You can do that and recognize it, and it's fully recognized. I mean, the centerlessness of experience, the illusoriness of the self, the freedom of all of that,

is fully present in the first instant, even before anything has changed about your experience. Like if you're angry or impatient or annoyed or whatever the thing is, anxious, fearful, sad, the energy of all of that mental state can be still fully present. And when the center drops out, the freedom of selflessness, the freedom of emptiness is fully available to

even before anything has changed at the level of experience, right? So your freedom is not contingent upon the subsequent changes that will in fact happen because, you know, then you've become mindful, you're no longer thinking about why you should be angry, whatever it is. So I'm not saying that there isn't implications for the character of your experience in subsequent moments, but the real non-duality of this is that on some level, anger isn't even anger. Like anger recognized

is also just non-dual wisdom. And so it is with any other negative emotion. Like it equalizes everything in the end because there's just consciousness and its contents and there's no center to that. Let me just jump in on that for a second. Let's take a moment of anger or a moment of spaghetti sauce on the shirt or whatever it is. So dualistic... That might be setting the bar too high, but... Dualistic mindfulness. Mm-hmm.

So the way most of us experience mindfulness, which is, oh, okay, I can see this has happened. I can notice that I'm angry. Maybe I can summon some investigative powers like, oh, I can see that anger isn't a monolithic thing. It's a compound. It consists of buzzing in my chest, self-righteous thoughts, ears turning red, whatever. And in that putting of anger through a cheese grater, we are less aware

We're less owned by it. What's the difference between that dualistic mindfulness, I am doing all of that, and a non-dual mindfulness where we're having the same anger? What is the increase in freedom if we're going from dualistic mindfulness to non-dualistic mindfulness? Well, the first thing to say is that even the dualistic mindfulness is a very important stage and an amazing thing

have accomplished and

It's all too rare in this world. I mean, most people out there don't have this practice and would benefit from it, right? So it's like you're in a very rarefied position just to be practicing and to know the difference between being lost in thought and identified with thought and not, right? And that's just to be able to get off the ride for a few moments is an enormous change in one's capacity to be happy and to not suffer unnecessarily, which is so much of what is...

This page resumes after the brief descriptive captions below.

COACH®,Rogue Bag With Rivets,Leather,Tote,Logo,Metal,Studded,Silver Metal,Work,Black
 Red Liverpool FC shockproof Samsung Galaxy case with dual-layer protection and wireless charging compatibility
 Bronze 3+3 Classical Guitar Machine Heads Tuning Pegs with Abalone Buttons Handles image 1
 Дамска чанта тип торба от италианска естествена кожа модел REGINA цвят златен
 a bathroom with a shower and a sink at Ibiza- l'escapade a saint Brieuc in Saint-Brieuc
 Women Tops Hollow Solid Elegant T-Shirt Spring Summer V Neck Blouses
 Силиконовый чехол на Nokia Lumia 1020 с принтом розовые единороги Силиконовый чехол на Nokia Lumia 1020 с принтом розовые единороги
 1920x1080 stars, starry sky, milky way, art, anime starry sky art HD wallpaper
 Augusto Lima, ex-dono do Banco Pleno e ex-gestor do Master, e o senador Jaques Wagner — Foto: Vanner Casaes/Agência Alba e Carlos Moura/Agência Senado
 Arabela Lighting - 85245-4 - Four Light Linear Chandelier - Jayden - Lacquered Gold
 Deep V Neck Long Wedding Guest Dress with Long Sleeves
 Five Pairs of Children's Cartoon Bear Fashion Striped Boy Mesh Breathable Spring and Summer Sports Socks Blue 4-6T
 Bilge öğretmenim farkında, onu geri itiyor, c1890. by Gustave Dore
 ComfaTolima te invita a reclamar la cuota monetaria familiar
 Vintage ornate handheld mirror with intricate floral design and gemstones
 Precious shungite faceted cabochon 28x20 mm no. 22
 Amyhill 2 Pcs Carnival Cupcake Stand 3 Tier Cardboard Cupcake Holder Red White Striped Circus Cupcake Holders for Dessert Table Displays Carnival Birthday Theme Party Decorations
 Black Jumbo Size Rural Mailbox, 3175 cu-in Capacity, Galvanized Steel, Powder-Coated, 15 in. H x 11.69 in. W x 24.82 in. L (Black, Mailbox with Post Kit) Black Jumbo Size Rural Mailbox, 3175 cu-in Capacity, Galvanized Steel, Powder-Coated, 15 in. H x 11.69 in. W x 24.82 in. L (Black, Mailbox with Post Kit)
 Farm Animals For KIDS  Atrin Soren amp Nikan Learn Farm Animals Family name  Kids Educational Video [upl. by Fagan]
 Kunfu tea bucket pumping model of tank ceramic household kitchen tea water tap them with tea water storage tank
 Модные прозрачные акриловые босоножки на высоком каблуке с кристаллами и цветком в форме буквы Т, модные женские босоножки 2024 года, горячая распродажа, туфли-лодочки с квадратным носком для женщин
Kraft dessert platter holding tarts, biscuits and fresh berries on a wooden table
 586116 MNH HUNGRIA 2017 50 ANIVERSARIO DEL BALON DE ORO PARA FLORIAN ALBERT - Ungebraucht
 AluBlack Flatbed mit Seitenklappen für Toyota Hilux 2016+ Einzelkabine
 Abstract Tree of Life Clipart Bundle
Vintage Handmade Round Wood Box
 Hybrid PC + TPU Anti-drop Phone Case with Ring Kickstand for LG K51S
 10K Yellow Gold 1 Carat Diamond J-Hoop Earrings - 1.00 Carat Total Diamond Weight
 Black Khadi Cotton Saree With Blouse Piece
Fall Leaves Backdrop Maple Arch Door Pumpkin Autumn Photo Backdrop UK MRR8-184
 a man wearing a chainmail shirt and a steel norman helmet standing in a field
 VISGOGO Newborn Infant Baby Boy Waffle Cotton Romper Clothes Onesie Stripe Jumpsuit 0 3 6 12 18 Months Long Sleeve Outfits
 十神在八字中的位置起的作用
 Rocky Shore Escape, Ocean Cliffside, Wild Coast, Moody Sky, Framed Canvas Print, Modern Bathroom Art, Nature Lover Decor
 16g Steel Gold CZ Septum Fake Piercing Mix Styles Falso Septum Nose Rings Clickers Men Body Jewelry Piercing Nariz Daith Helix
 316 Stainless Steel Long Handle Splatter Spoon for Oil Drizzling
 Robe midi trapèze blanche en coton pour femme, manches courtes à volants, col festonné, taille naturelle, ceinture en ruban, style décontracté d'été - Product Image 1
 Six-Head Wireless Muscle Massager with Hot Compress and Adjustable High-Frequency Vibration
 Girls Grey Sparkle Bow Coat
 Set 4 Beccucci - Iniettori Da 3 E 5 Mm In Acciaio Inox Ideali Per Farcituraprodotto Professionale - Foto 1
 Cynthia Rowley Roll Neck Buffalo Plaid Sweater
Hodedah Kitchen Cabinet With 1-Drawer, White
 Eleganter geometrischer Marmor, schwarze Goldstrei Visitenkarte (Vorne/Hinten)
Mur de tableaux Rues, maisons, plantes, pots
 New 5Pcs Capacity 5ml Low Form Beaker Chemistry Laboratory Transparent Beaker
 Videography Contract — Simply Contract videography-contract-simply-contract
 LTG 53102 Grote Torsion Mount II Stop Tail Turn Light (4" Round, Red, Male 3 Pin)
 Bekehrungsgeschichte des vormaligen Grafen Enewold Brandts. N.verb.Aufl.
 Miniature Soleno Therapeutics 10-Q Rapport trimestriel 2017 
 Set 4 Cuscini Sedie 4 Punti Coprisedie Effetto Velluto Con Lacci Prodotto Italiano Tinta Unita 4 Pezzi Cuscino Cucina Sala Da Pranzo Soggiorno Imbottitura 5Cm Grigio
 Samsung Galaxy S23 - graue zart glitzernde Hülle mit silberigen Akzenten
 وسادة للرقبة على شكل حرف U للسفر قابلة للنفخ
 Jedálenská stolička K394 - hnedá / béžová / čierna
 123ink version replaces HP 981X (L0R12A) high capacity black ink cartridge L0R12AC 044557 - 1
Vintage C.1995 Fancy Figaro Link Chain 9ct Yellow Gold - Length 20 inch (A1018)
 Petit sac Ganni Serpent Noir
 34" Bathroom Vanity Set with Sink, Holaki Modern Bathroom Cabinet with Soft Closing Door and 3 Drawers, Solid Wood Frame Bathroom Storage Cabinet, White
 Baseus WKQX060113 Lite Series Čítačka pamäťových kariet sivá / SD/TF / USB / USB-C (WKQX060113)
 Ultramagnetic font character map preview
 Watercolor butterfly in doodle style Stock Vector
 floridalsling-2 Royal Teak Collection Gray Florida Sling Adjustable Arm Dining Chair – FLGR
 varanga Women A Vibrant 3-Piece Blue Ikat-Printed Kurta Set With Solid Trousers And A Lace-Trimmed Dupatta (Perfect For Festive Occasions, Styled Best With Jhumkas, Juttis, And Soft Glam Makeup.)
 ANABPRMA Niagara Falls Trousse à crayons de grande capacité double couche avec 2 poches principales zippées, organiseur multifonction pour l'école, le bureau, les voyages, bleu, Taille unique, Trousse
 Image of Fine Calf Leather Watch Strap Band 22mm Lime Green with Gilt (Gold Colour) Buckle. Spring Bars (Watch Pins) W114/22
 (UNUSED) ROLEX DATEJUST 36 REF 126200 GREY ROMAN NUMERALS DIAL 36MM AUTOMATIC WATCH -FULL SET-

the real antithesis to being happy in our lives. And we just, you're continually waking up to the fact that you're suffering in a way that just, it's just simply not needed, right? It's like, it's not adding anything. It's not giving you a capacity to do anything different. It's just, it's just extra pain. But the difference is with dualistic mindfulness, I mean, certainly in the beginning, and I mean, even for the longest time, even what we call dualistic mindfulness is

much of it isn't even mindfulness. On some level, it's a stratagem to change your experience. And so to make that concrete, you feel anxious and you don't like feeling anxious. And one of the reasons why you've learned to meditate is the promise that you'll feel less anxious if you actually get good enough at this practice and you can use it as an antidote to anxiety, right? So it's so

That's part of the reason why you're playing this game to begin with is you don't like anxiety and you want less of it, right? So that contains within it the germ of anxiety.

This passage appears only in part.